Privacy Amplification for the Gaussian Mechanism via Bounded Support
Shengyuan Hu, Saeed Mahloujifar, Virginia Smith, Kamalika Chaudhuri, Chuan Guo
TL;DR
The paper tackles the conservatism of worst-case differential privacy by leveraging data-dependent accounting frameworks (pDP and FIL). It introduces Gaussian mechanisms with bounded support—specifically rectified and truncated Gaussian—and analyzes their privacy amplification under both FIL and per-instance Rényi DP, demonstrating that the amplification is stronger in the tails of the input. The authors derive closed-form expressions for FIL and RDP for these bounded mechanisms, establish coordinate-wise tensorization to handle high-dimensional data, and discuss subsampling challenges. Empirical results on private SGD show meaningful privacy-cost reductions (up to $>30\%$ in some settings) with little to no loss in utility on benchmarks like CIFAR-10/100, validating the practical value of data-dependent privacy amplification via bounded noise. The work suggests a promising direction for tighter, data-aware privacy guarantees in real-world ML systems and highlights future avenues such as per-coordinate subsampling and deeper integration with compression-inspired methods.
Abstract
Data-dependent privacy accounting frameworks such as per-instance differential privacy (pDP) and Fisher information loss (FIL) confer fine-grained privacy guarantees for individuals in a fixed training dataset.
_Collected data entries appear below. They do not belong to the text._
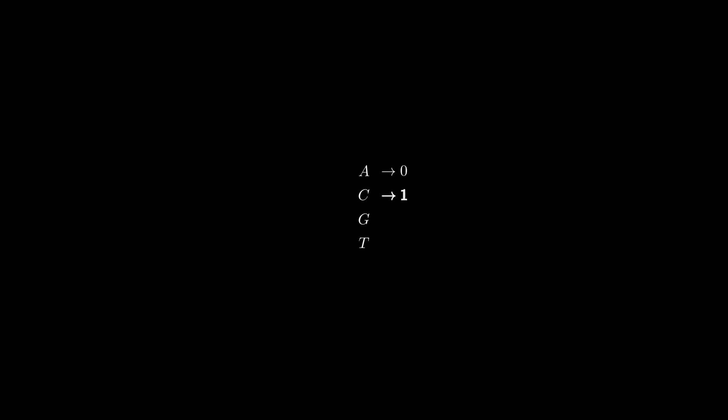We have these four symbols representing each nucleotide along with their numeric mapping from zero to three, inclusive. And take the next example where K equals three and we have the following sequence. How can we index all possible words of size K?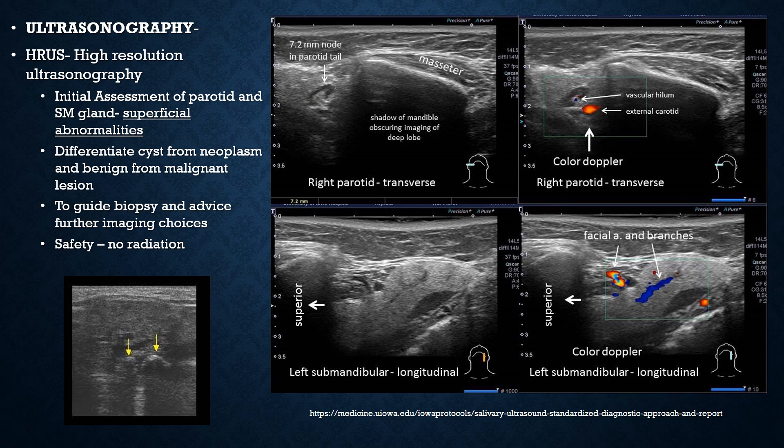The advantages of ultrasonography include safety as it involves no radiation. The salivary glands are easily accessible, and any calcification within the gland can be detected, as well as details of anomalies and neoplasms. This example shows how the parotid appears on ultrasonography with color Doppler applied, giving a clear view of the facial artery and its branches, the submandibular gland, and the parotid.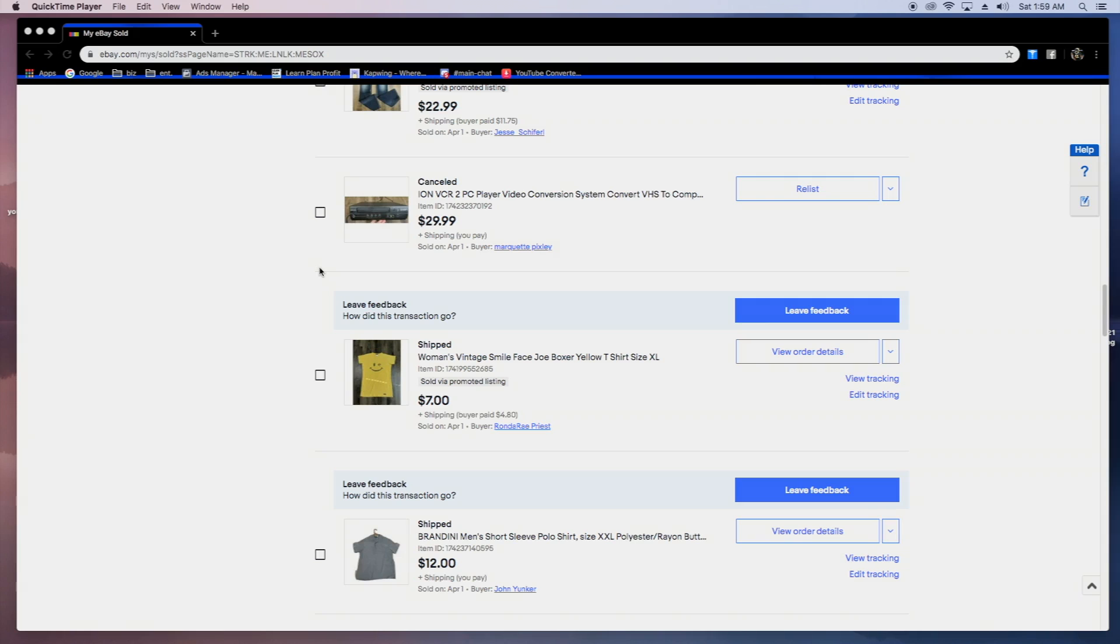We're going to go over what sold at just the beginning of April. Just kind of a simple video. Going to show you guys some items and give you some tips on what sells and how much you can make off of it.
These guarantees can be desirable compared to vanilla DP in real world settings as they tightly upper-bound the privacy leakage for a $\textit{specific}$ individual in an $\textit{actual}$ dataset, rather than considering worst-case datasets. While these frameworks are beginning to gain popularity, to date, there is a lack of private mechanisms that can fully leverage advantages of data-dependent accounting. To bridge this gap, we propose simple modifications of the Gaussian mechanism with bounded support, showing that they amplify privacy guarantees under data-dependent accounting. Experiments on model training with DP-SGD show that using bounded support Gaussian mechanisms can provide a reduction of the pDP bound $ε$ by as much as 30% without negative effects on model utility.